Once we reached the train station I bought a ticket for my ride. Sixty rupees for a one way ride to Mysore. Less than a beer and barely more than a dollar. I made my way down to Platform 10 where our train was boarding. I had no idea what car to hop on so I nervously passed my ticket to a small man standing in the doorway of train car. He looked, gave me the traditional Indian head bob, a language all to itself that I could not decipher in that moment. After a few head bobs another passenger came back. He looked at my ticket and beckoned me onboard. I took a seat in the row across the aisle from the guy who helped me and his friend. Soon a man came through the car selling chai and lightly roasted peanuts. My helper bought both and sent an order of each to me. Soon we were deep in a very limited conversation. He spoke little English and I speak little (no) Hindi. For some reason one of the first questions people ask me over here is if I’m married. It’s a lot like going to family reunions. He spoke of his wife and his seven-month-old daughter.
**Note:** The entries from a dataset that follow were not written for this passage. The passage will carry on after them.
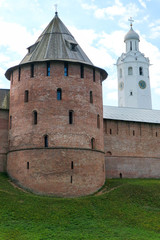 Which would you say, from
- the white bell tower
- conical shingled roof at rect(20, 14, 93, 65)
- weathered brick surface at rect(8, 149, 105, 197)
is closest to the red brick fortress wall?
weathered brick surface at rect(8, 149, 105, 197)

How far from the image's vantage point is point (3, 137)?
28.6 metres

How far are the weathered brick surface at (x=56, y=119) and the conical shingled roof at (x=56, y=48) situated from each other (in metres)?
0.70

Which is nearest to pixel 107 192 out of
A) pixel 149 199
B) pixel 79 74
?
pixel 149 199

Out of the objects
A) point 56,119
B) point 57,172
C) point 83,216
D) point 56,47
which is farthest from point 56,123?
point 83,216

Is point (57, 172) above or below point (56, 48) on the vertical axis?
below

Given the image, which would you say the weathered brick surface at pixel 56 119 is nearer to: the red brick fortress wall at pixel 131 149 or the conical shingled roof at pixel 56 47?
the conical shingled roof at pixel 56 47

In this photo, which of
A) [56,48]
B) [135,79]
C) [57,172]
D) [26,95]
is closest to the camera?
[57,172]

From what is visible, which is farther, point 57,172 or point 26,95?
point 26,95

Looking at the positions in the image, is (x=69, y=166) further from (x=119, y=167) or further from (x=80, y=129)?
(x=119, y=167)

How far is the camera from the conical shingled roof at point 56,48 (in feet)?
89.7

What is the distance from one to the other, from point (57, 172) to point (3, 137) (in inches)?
267

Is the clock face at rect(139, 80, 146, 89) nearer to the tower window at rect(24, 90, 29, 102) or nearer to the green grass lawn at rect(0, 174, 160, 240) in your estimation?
the tower window at rect(24, 90, 29, 102)

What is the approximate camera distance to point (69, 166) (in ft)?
81.7

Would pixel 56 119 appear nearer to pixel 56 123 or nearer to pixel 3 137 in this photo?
pixel 56 123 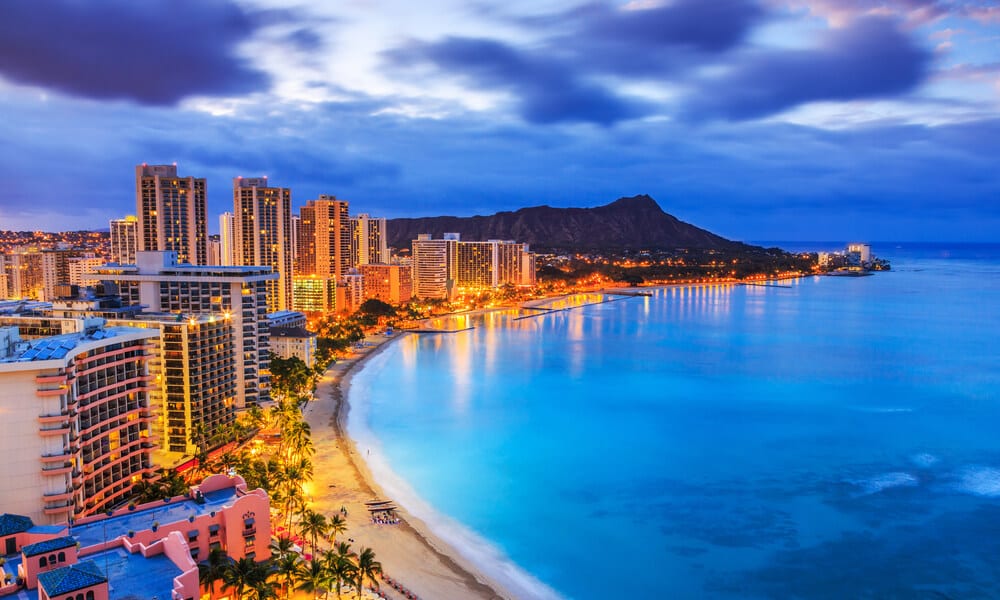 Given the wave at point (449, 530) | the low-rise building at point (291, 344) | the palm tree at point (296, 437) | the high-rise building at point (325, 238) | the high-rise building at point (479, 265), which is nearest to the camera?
the wave at point (449, 530)

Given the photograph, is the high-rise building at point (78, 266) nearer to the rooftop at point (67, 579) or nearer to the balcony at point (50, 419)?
the balcony at point (50, 419)

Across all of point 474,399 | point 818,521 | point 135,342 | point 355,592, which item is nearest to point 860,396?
point 818,521

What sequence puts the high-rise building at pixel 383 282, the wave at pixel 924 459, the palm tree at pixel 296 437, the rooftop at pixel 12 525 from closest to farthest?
the rooftop at pixel 12 525
the palm tree at pixel 296 437
the wave at pixel 924 459
the high-rise building at pixel 383 282

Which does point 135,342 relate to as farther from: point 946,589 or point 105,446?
point 946,589

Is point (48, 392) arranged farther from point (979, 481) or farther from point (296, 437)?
point (979, 481)

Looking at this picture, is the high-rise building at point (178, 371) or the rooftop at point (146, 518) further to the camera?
the high-rise building at point (178, 371)

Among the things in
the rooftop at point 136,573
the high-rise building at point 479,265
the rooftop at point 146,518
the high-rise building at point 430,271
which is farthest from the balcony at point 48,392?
the high-rise building at point 479,265

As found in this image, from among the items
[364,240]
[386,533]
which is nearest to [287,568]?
[386,533] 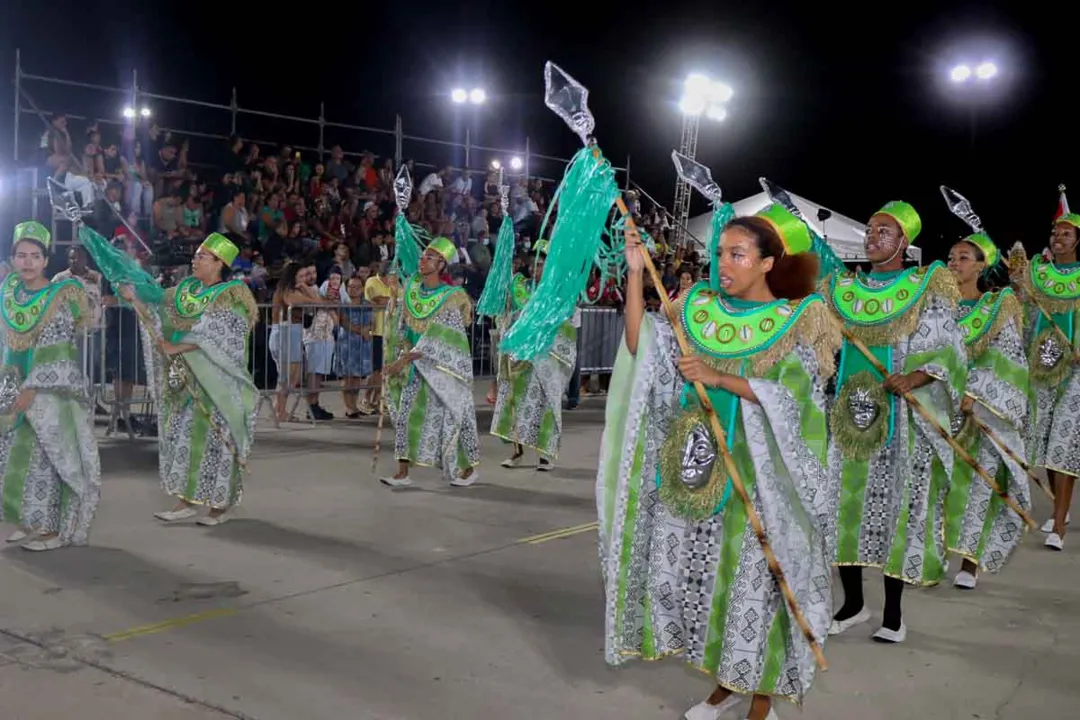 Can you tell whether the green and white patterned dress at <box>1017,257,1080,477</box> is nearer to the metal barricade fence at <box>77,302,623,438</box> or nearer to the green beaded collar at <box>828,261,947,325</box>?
the green beaded collar at <box>828,261,947,325</box>

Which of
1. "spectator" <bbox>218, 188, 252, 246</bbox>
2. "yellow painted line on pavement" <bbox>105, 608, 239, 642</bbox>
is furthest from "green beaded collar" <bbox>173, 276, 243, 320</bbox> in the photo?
"spectator" <bbox>218, 188, 252, 246</bbox>

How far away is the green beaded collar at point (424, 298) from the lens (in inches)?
322

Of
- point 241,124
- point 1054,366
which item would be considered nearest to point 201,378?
point 1054,366

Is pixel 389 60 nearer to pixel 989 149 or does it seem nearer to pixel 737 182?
pixel 737 182

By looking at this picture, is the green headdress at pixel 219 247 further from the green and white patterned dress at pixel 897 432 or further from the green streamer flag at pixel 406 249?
the green and white patterned dress at pixel 897 432

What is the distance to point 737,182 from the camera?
2820 cm

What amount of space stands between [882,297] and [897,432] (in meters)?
0.62

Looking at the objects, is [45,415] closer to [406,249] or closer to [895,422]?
[406,249]

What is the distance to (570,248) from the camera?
3.89 meters

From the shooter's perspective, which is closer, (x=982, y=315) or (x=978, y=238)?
(x=982, y=315)

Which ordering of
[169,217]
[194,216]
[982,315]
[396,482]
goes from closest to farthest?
[982,315]
[396,482]
[169,217]
[194,216]

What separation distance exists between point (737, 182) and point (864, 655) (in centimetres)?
2456

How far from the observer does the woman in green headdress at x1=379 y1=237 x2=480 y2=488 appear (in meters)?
8.16

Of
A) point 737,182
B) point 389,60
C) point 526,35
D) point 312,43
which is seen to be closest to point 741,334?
point 312,43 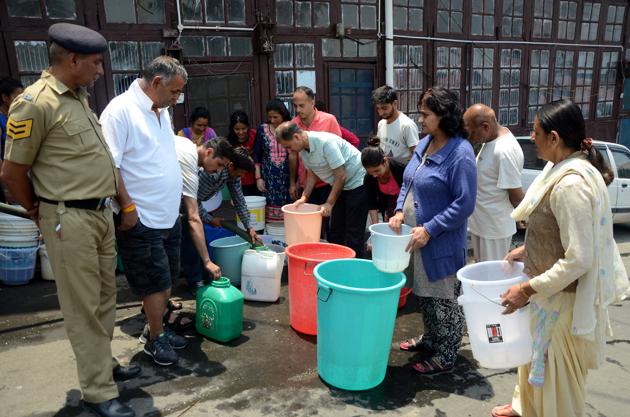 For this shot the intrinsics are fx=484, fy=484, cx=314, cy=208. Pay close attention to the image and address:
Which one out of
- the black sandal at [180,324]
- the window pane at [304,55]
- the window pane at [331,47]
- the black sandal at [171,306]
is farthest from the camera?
the window pane at [331,47]

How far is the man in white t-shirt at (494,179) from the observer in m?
3.36

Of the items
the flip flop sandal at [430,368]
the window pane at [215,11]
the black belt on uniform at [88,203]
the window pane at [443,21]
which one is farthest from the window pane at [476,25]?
the black belt on uniform at [88,203]

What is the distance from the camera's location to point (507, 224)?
11.4ft

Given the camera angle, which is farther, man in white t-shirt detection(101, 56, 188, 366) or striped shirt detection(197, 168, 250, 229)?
striped shirt detection(197, 168, 250, 229)

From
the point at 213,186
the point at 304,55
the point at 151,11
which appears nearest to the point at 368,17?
the point at 304,55

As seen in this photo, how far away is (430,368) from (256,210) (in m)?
2.66

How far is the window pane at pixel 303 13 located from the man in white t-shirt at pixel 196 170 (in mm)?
3944

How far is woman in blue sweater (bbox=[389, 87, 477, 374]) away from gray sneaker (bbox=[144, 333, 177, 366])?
163 centimetres

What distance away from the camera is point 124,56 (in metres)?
5.92

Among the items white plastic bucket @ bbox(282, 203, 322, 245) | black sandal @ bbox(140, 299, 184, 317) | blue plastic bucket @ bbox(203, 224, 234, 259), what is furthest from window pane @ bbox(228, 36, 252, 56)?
black sandal @ bbox(140, 299, 184, 317)

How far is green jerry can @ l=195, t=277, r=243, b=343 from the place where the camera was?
3.49 meters

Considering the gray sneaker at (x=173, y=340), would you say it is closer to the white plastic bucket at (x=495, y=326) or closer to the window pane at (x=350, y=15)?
the white plastic bucket at (x=495, y=326)

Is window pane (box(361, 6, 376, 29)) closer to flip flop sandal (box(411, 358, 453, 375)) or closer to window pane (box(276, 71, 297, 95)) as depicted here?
window pane (box(276, 71, 297, 95))

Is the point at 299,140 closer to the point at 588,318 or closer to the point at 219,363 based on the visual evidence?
the point at 219,363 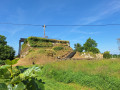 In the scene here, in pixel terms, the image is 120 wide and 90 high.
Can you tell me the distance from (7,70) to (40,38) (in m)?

His friend was single and we joked about being of the same bachelor class.
As the train rolled through the countryside the generosity of the pair I had found became readily apparent. Anytime a vendor came through our cramped car to sell snacks they would hop on it, giving a share to me. Even when I’d try to beat them to it, they would have none of it. Maddur vada, vadai, chai, nuts, a fruit I had never heard of sliced with salt pushed into the cuts, they shared everything that came through. More than this, at every stop people would come through the train car asking for money. A man in an old army sweater and a fake leg dragged himself through the car, a small man with one hand a clubbed feet, a blind man and an old woman with a cleft palette. For every single person they would give them money when few others on our car would. They would share anything they could with the people around us. A baby sat in the row in front of them with her parents and every time the baby’s bottle would run out one of the pair would dart to the back to refill it so the father wouldn’t have to leave his wife and child. They insisted on getting my phone number. So I gave it to them but tried to explain I wouldn’t be able to receive a call until August. “Ok then…August fifth, I call.” He said to me as we were nearing Mysore. Once I got off the platform in Mysore one of the pair insisted on carrying my suitcase to my rickshaw. The driver was a bit annoyed but my new friend couldn’t be dissuaded. As we parted ways he shook my hand for the last time and disappeared into the swarm of people outside the station.